Lesbos is the eighth largest in the Mediterranean Sea, just off the coast of Turkey with hot springs, pine forests, a large and diverse avifauna, and its world-renowned “petrified forest”, formed due to volcanic activity about 20 million years ago. Mytilene, the capital of the island is overlooked by a large fortress -one of the largest in the Mediterranean- dating to the Byzantine era and believed to have been erected on top of an ancient acropolis. The large number of exhibits showcased at the Archaeological Museum of Mytilene is a testament to the island’s millennia-old history.

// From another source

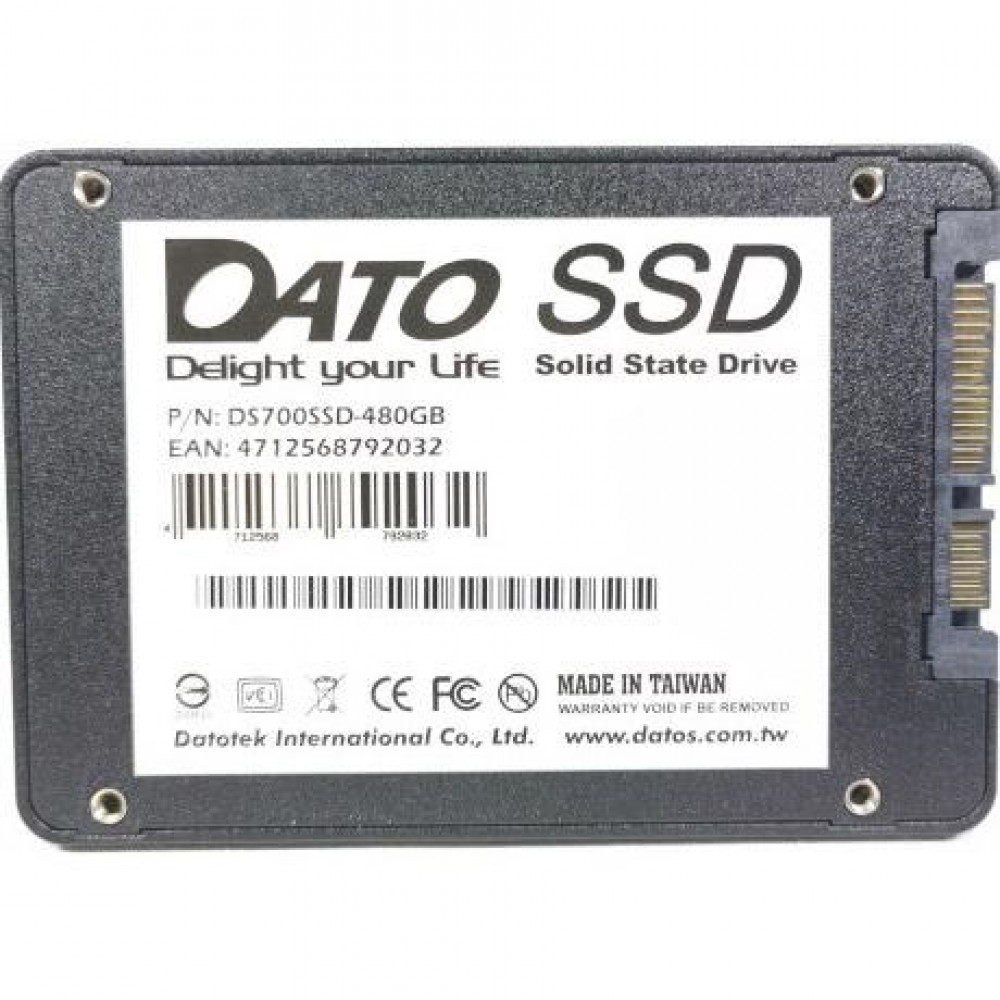 Накопитель SSD 480GB Dato DS700 2.5" SATAIII TLC (DS700SSD-480GB)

It is also widely known for its many olive groves, producing olive oil of excellent quality, the diverse cheeses with a Protected Designation of Origin (PDO) such as ladotiri, Mytilene feta, and Eresso kaseri, pickled sardines, and anchovies (caught in the Gulf of Kalloni), fruits and nuts, which thanks to the island’s lively women’s cooperatives are transformed into handmade spoon sweet, marmalades and liqueurs, honey from thyme, pine and aromatic blossoms, wine from local grape varieties, and fresh fish and shellfish together with the most renowned product of Lesbos, ouzo.
Local and special:
The specialties which you must by all means try are souyiana (onions stuffed with meat and rice), lamb stuffed with pieces of liver, raisins and pine nuts, the chachles (boat-shaped trahana in olive oil, tomato, and feta), giouzlemedes (tiropita with a savoury or sweet filling), sfougato, tomatoes and eggplant stuffed with octopus, roasted sardines filled with pickles and capers or wrapped in grape leaves, and lahanodolmades stuffed with cod, carrot, and celery.
Sweet and beloved:
In Lesbos, dozens of women’s cooperatives and cottage enterprises make traditional sweets. Baklava with almonds and anthonero, gemata (a local kind of amygdalota), plantzeta (syrupy filo made plain or stuffed with walnuts or almonds and sprinkled with cinnamon), kolokythopita, and an endless variety of spoon sweets.